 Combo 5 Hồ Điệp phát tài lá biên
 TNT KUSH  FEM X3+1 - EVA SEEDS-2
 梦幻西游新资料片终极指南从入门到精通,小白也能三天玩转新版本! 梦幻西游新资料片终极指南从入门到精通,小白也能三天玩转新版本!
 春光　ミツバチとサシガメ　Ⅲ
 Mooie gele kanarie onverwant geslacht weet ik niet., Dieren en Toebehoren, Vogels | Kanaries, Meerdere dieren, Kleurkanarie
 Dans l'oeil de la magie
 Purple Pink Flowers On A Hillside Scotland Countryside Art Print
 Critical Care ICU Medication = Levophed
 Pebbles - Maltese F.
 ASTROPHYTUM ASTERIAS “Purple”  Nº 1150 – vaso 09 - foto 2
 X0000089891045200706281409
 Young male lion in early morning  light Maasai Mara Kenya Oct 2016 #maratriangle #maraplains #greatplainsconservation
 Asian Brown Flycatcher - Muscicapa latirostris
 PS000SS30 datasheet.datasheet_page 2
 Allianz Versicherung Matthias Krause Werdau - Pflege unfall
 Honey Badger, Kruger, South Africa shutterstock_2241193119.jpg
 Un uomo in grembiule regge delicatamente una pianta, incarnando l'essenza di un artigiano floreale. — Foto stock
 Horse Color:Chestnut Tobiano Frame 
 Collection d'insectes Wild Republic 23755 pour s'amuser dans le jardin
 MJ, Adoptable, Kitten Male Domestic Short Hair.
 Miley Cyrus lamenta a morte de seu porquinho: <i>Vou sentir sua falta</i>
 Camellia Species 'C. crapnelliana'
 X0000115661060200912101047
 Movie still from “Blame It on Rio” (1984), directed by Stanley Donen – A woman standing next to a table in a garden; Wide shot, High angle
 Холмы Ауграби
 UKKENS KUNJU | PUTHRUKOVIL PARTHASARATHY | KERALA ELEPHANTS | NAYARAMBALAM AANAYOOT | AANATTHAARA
────
Work item: Beginning with the line that holds "Mooie gele kanarie", please return every line through the end of the data, exactly as written.

Answer box:
 Mooie gele kanarie onverwant geslacht weet ik niet., Dieren en Toebehoren, Vogels | Kanaries, Meerdere dieren, Kleurkanarie
 Dans l'oeil de la magie
 Purple Pink Flowers On A Hillside Scotland Countryside Art Print
 Critical Care ICU Medication = Levophed
 Pebbles - Maltese F.
 ASTROPHYTUM ASTERIAS “Purple”  Nº 1150 – vaso 09 - foto 2
 X0000089891045200706281409
 Young male lion in early morning  light Maasai Mara Kenya Oct 2016 #maratriangle #maraplains #greatplainsconservation
 Asian Brown Flycatcher - Muscicapa latirostris
 PS000SS30 datasheet.datasheet_page 2
 Allianz Versicherung Matthias Krause Werdau - Pflege unfall
 Honey Badger, Kruger, South Africa shutterstock_2241193119.jpg
 Un uomo in grembiule regge delicatamente una pianta, incarnando l'essenza di un artigiano floreale. — Foto stock
 Horse Color:Chestnut Tobiano Frame 
 Collection d'insectes Wild Republic 23755 pour s'amuser dans le jardin
 MJ, Adoptable, Kitten Male Domestic Short Hair.
 Miley Cyrus lamenta a morte de seu porquinho: <i>Vou sentir sua falta</i>
 Camellia Species 'C. crapnelliana'
 X0000115661060200912101047
 Movie still from “Blame It on Rio” (1984), directed by Stanley Donen – A woman standing next to a table in a garden; Wide shot, High angle
 Холмы Ауграби
 UKKENS KUNJU | PUTHRUKOVIL PARTHASARATHY | KERALA ELEPHANTS | NAYARAMBALAM AANAYOOT | AANATTHAARA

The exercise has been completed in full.